In 1982, having sold his jazz bar to devote himself to writing, Murakami began running to keep fit. A year later, he'd completed a solo course from Athens to Marathon, and now, after dozens of such races, not to mention triathlons and a slew of critically acclaimed books, he reflects upon the influence the sport has had on his life and on his writing. This revealing memoir covers his four-month preparation for the 2005 New York City Marathon, emerging a cornucopia of memories and insights: the eureka moment when he decided to become a writer, his greatest triumphs and disappointments, his passion for vintage LPs, and the experience, after fifty, of seeing his race times improve and then fall back. (amazon.co.uk) Alastair Campbell (The Guardian, July 2008):
"Whatever respect I had for Haruki Murakami as a writer - which is considerable - it is as nothing to the depth of my bow down before the Japanese novelist on discovering that he has run an ultramarathon.
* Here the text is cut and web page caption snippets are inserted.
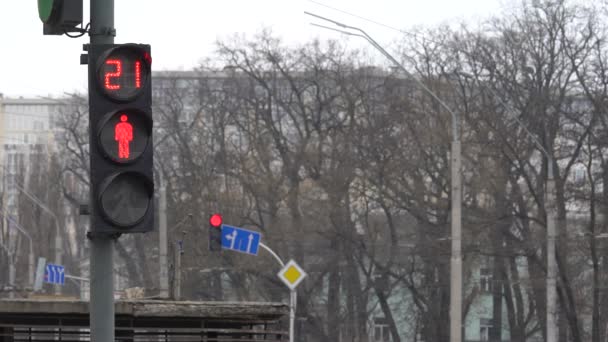 Gångtrafikljus på en stadsgata om dagen — Stockvideo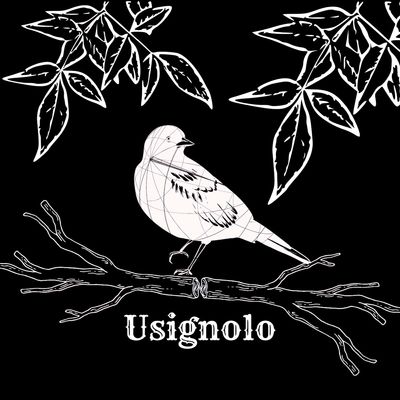 Usignolo (feat. Mellow)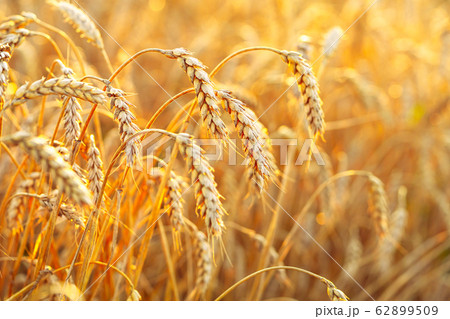Wheat field. Ears of golden wheat. Beautiful Sunset Landscape. Background of ripening ears. Ripe cereal crop. close Wheat field. Ears of golden wheat. Beautiful Sunset Landscape. Background of ripening ears. Ripe cereal crop. close 62899509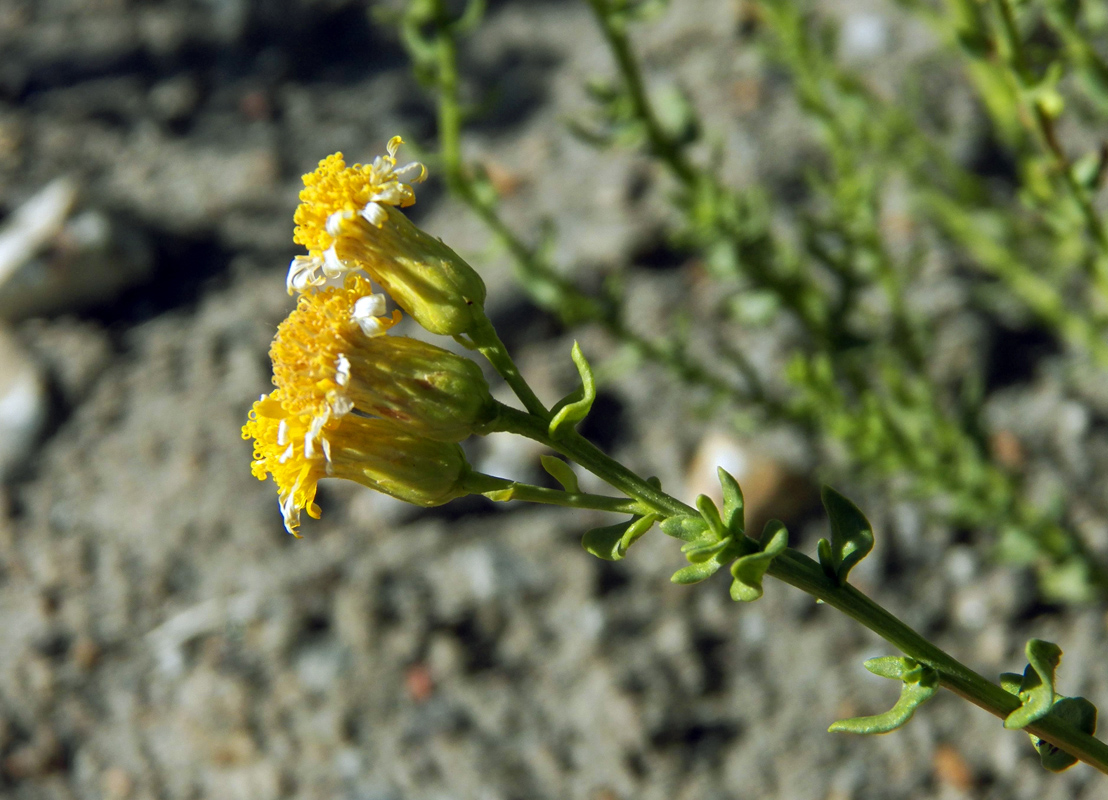 Image of Limbarda salsoloides specimen.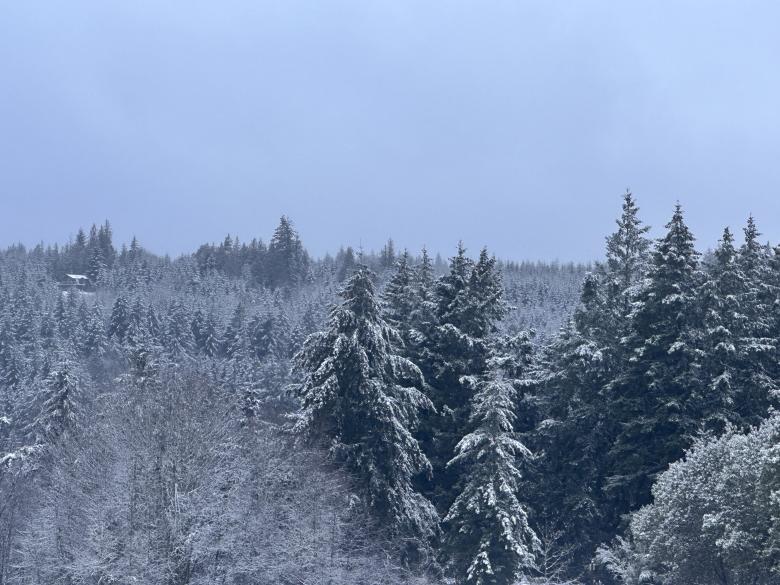 Free stock image of Northeastern Winters created by Christopher D Hill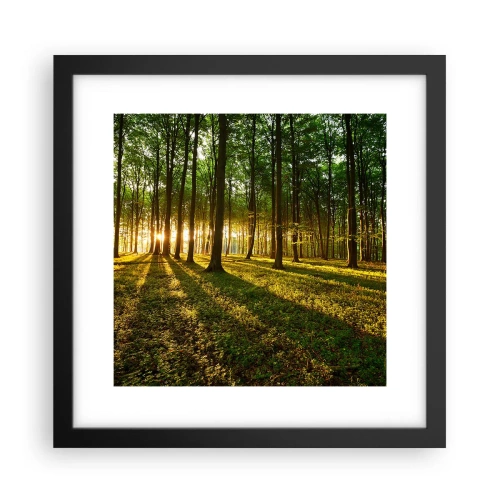 Poster in een zwarte lijst - Foto van de hele lente - 30x30 cm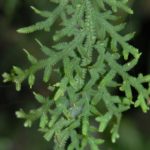 Selaginella subrugosa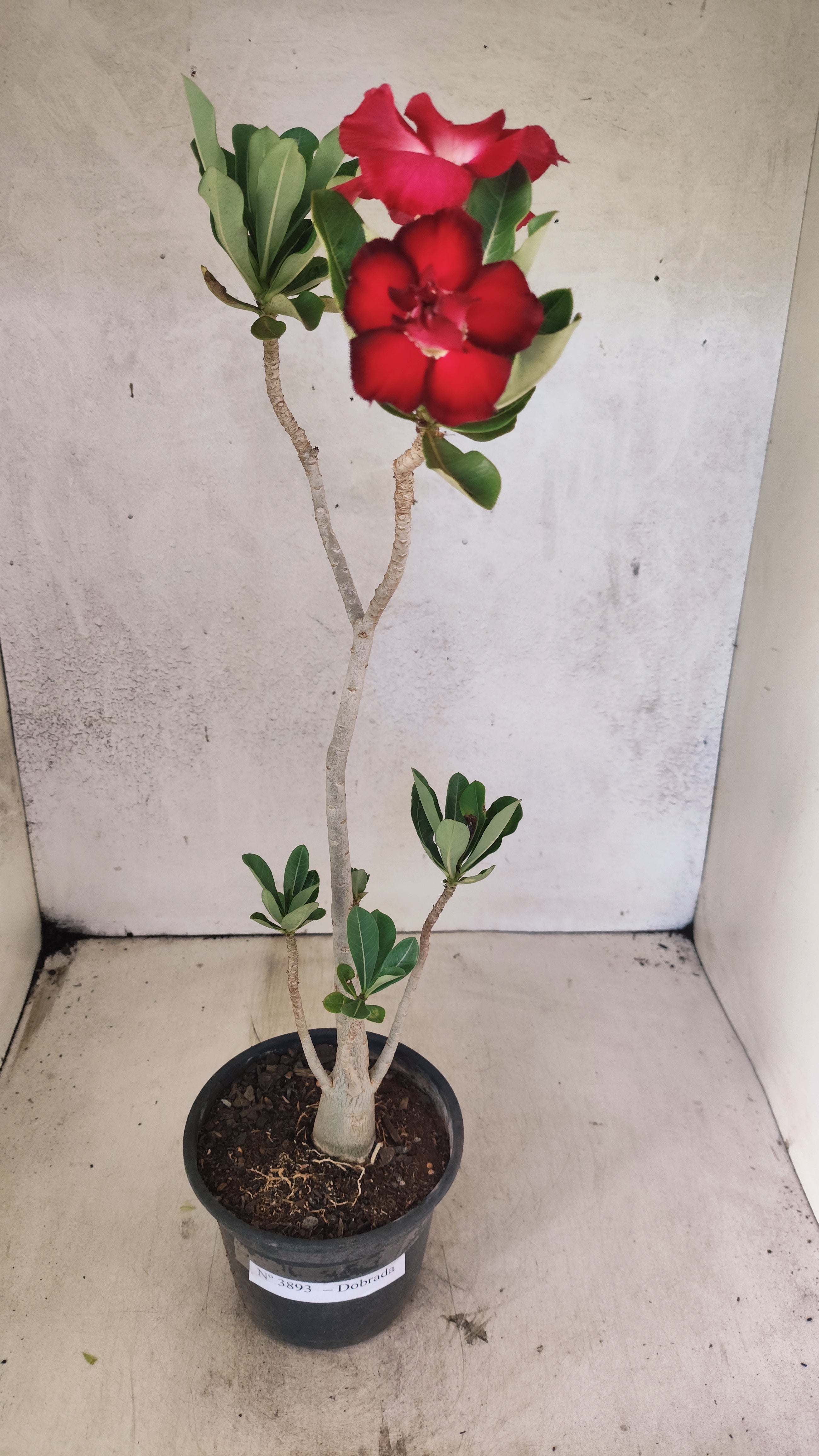 Planta Dobrada 3893 – 35cm – 03 anos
His description of the physical and mental agonies as he struggled to complete the 62-mile course, followed by the near-religious experience of the last few miles, when he knew he was going to finish, is one of the highlights of what he calls "a kind of memoir". Non-running readers of his novels will probably ask: "Why on earth did he run 62 miles when he knew it would hurt so much?" Runners ask a different question: "Why have I never done that?"
The style is very clipped, many of the sentences short, so you feel the pace of the runner skipping through the text."